All four senior living buildings will be licensed California Retirement Care Facilities for the Elderly, and the project will be completed in December 2015.
This is one of the most modular projects DPR has had the opportunity to work on. Typical for Southern California residences, the original concept for the structure was wood framing. However, as the project began, a recent update to the California Building Code stated that if combustible building materials were used—given the building height and nature of the occupancy—then the number of non-ambulatory and/or bedridden residents were restricted to the lower two levels. The owner did not want to place this restriction on their residents. Their goal is to provide a true “aging in place” environment so residents could choose to remain in their apartments and not have to move if they required more care and staff support.

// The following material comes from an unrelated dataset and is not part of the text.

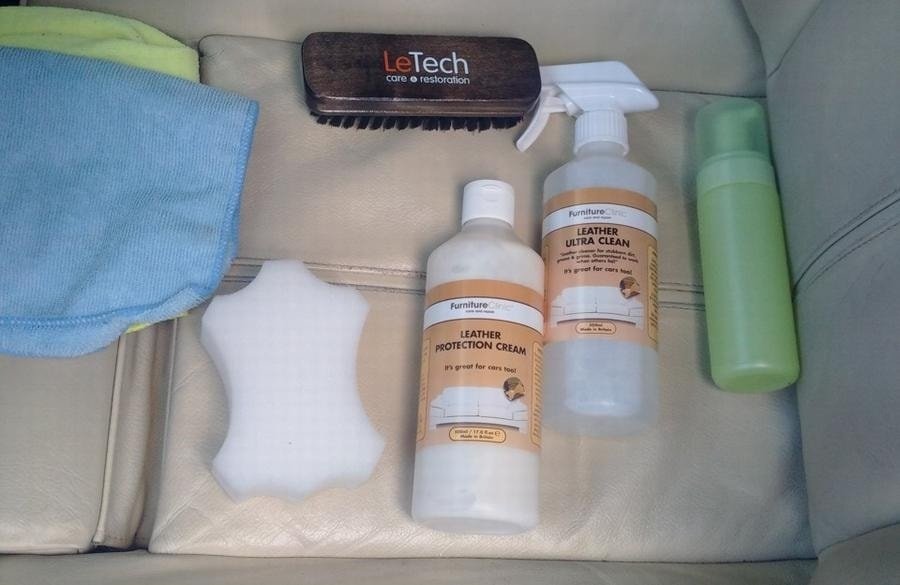 Материалы для химчистки Оборудование и расходные материалы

To remedy the code change as well as owner and end user needs, the team suggested using prefabricated light gauge structural frame (LGSF) panels for the four-structure, 331,350-sq.-ft. project, which saved time and resources.

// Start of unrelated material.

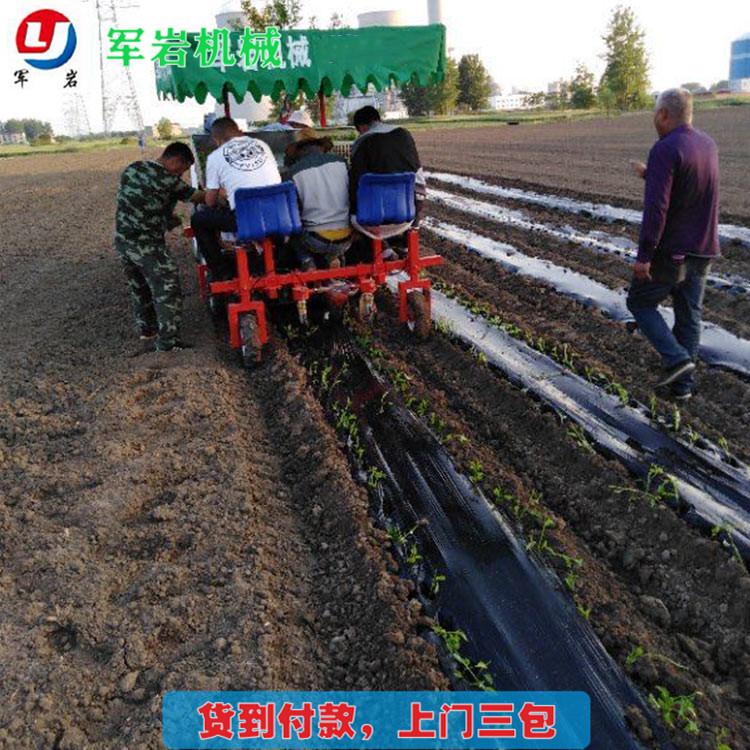 移栽机 红薯移栽机 红薯栽植机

The LGSF system offered an option to prefabricate much of the project. Prefabrication is a manufacturing type of environment with repetitive processes and efficiencies. Within this controlled environment, the prefabrication process allowed greater precision and quality control versus building the panels in the field. The panels were delivered by 284 trucks. More than 3,200 wall panels and 1,300 floor panels (as well as the 2,000-plus trusses) were erected by two 65-ton rough terrain mobile cranes. Weighing less than 2,000 pounds each, the panels are uniform in shape and size, resulting in a highly efficient installation.
Only slightly more costly than wood, the 274,000-sq.-ft. LGSF system and use of prefabrication save an estimated $4 million and shaved four months from the schedule when compared to a non-prefabricated metal stud system.